-- Dataset follows --
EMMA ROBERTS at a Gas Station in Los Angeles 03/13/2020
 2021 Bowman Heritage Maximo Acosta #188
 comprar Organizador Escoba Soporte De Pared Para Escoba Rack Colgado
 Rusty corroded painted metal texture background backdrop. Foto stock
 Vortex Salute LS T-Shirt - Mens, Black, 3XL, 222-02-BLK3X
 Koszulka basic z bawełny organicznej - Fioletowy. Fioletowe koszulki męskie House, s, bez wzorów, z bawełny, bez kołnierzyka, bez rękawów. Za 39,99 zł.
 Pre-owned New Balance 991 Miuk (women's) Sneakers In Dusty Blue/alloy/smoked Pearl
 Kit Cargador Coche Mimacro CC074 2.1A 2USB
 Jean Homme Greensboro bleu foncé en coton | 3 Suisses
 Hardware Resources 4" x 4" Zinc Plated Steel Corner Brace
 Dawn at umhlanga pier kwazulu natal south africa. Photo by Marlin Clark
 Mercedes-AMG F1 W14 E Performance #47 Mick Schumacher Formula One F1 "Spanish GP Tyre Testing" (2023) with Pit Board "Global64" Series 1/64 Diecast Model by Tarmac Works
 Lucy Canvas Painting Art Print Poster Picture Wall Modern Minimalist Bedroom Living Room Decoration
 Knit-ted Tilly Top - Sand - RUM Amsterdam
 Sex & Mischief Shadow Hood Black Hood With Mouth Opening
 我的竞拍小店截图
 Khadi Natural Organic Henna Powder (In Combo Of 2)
-- Dataset concluded --
▸ **Task item**
Using the records above, please retype only the run of lines from the line holding "Jean Homme Greensboro" through the last line, both ends included.

▸ **Task solution**
 Jean Homme Greensboro bleu foncé en coton | 3 Suisses
 Hardware Resources 4" x 4" Zinc Plated Steel Corner Brace
 Dawn at umhlanga pier kwazulu natal south africa. Photo by Marlin Clark
 Mercedes-AMG F1 W14 E Performance #47 Mick Schumacher Formula One F1 "Spanish GP Tyre Testing" (2023) with Pit Board "Global64" Series 1/64 Diecast Model by Tarmac Works
 Lucy Canvas Painting Art Print Poster Picture Wall Modern Minimalist Bedroom Living Room Decoration
 Knit-ted Tilly Top - Sand - RUM Amsterdam
 Sex & Mischief Shadow Hood Black Hood With Mouth Opening
 我的竞拍小店截图
 Khadi Natural Organic Henna Powder (In Combo Of 2)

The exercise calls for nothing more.